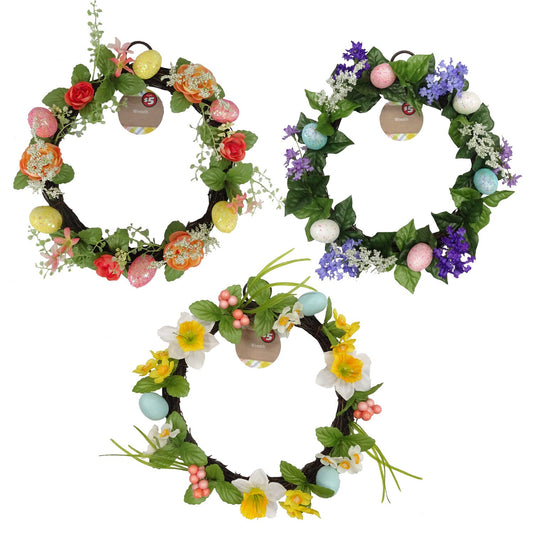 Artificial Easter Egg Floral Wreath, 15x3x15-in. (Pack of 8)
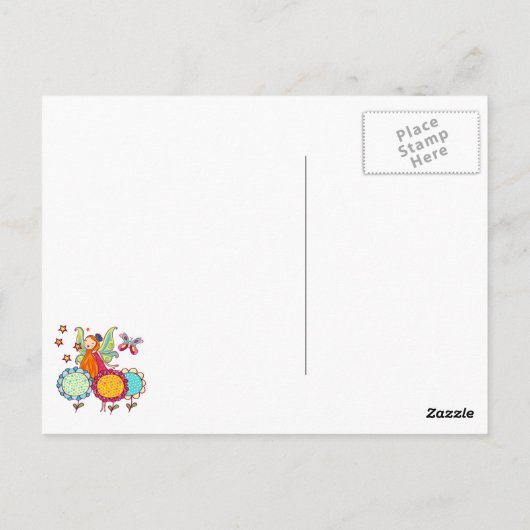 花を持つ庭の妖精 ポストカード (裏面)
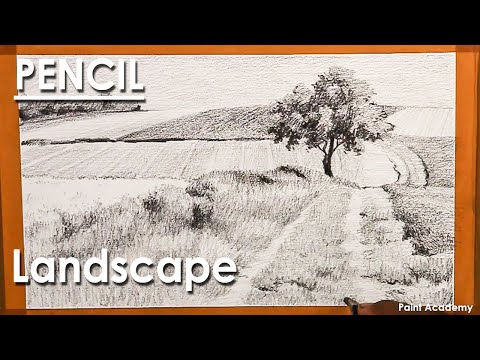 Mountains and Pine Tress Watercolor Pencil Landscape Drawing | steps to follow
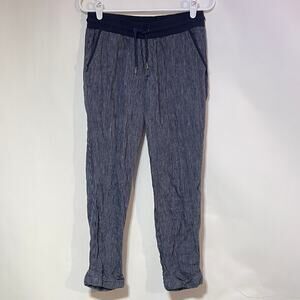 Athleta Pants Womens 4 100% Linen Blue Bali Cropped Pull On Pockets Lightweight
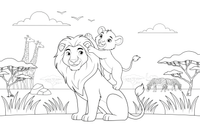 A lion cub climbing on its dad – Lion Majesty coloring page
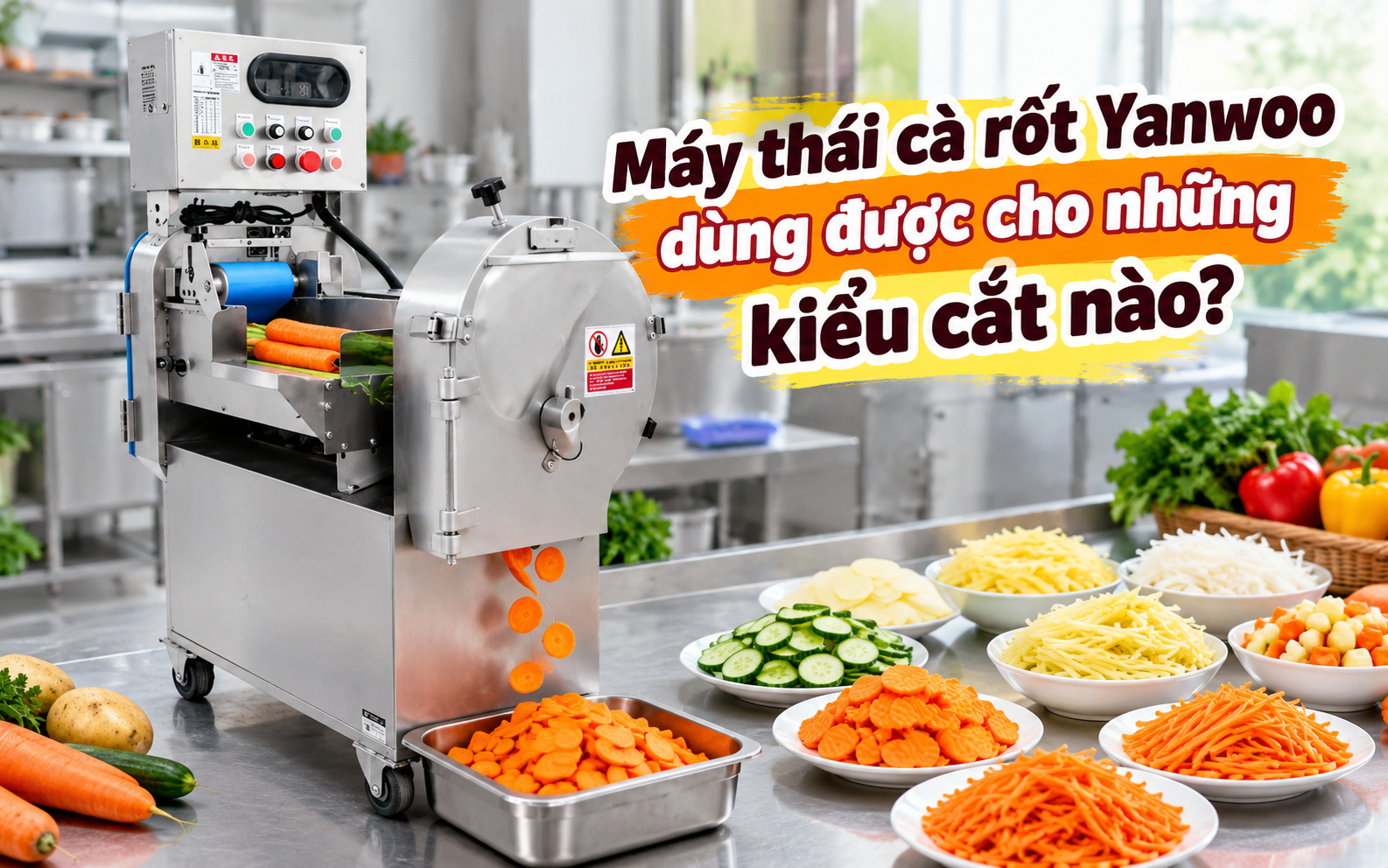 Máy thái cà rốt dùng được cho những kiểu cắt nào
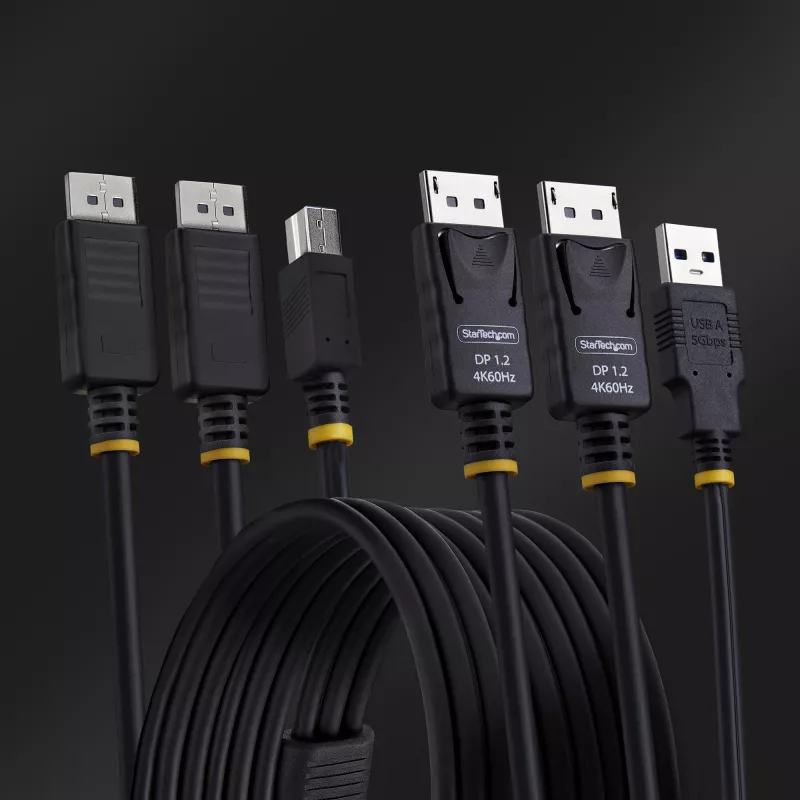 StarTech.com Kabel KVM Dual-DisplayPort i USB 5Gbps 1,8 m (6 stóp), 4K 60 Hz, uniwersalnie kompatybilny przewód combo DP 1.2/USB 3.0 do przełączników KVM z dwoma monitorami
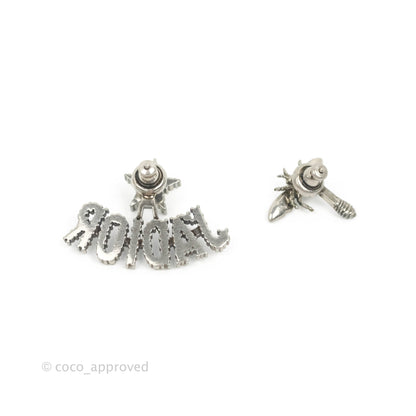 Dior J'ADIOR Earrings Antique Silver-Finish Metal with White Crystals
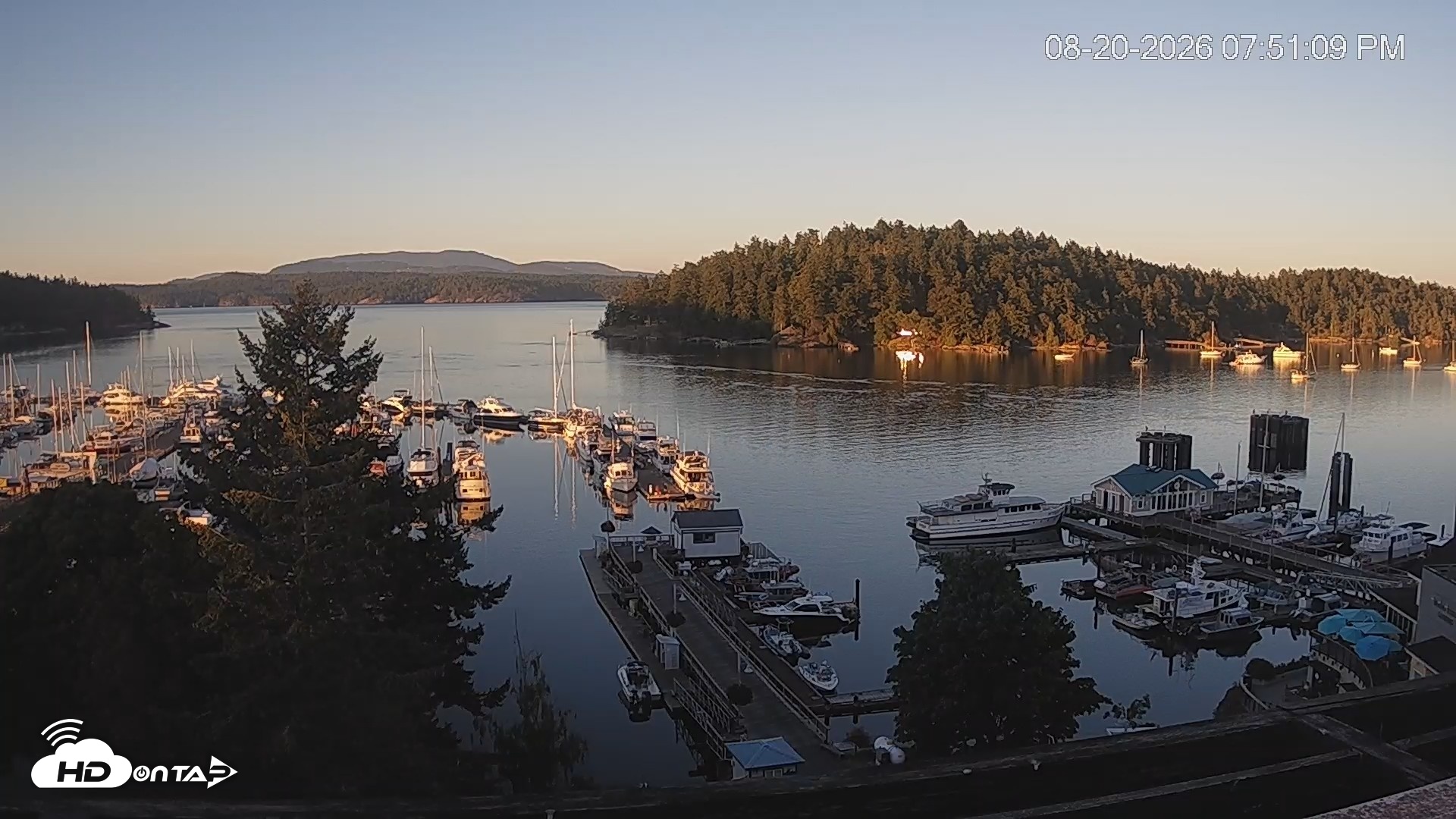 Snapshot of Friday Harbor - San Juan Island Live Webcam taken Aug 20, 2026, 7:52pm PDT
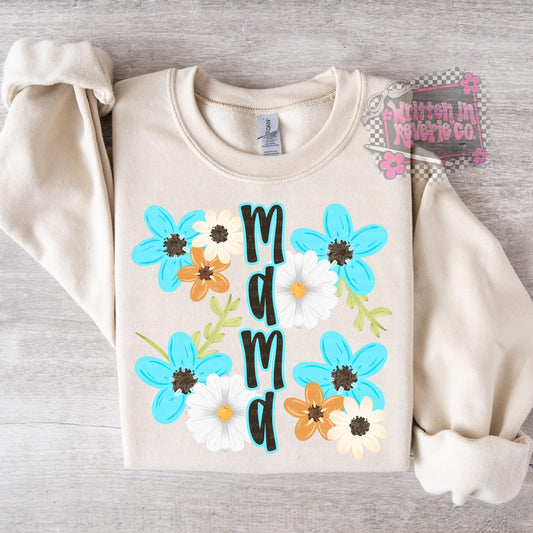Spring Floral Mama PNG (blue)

Work to be completed:
Output the whole listing again, exactly, without its pictures.

Exercise output:
 Artificial Easter Egg Floral Wreath, 15x3x15-in. (Pack of 8)
 花を持つ庭の妖精 ポストカード (裏面)
 Mountains and Pine Tress Watercolor Pencil Landscape Drawing | steps to follow
 Athleta Pants Womens 4 100% Linen Blue Bali Cropped Pull On Pockets Lightweight
 A lion cub climbing on its dad – Lion Majesty coloring page
 Máy thái cà rốt dùng được cho những kiểu cắt nào
 StarTech.com Kabel KVM Dual-DisplayPort i USB 5Gbps 1,8 m (6 stóp), 4K 60 Hz, uniwersalnie kompatybilny przewód combo DP 1.2/USB 3.0 do przełączników KVM z dwoma monitorami
 Dior J'ADIOR Earrings Antique Silver-Finish Metal with White Crystals
 Snapshot of Friday Harbor - San Juan Island Live Webcam taken Aug 20, 2026, 7:52pm PDT
Spring Floral Mama PNG (blue)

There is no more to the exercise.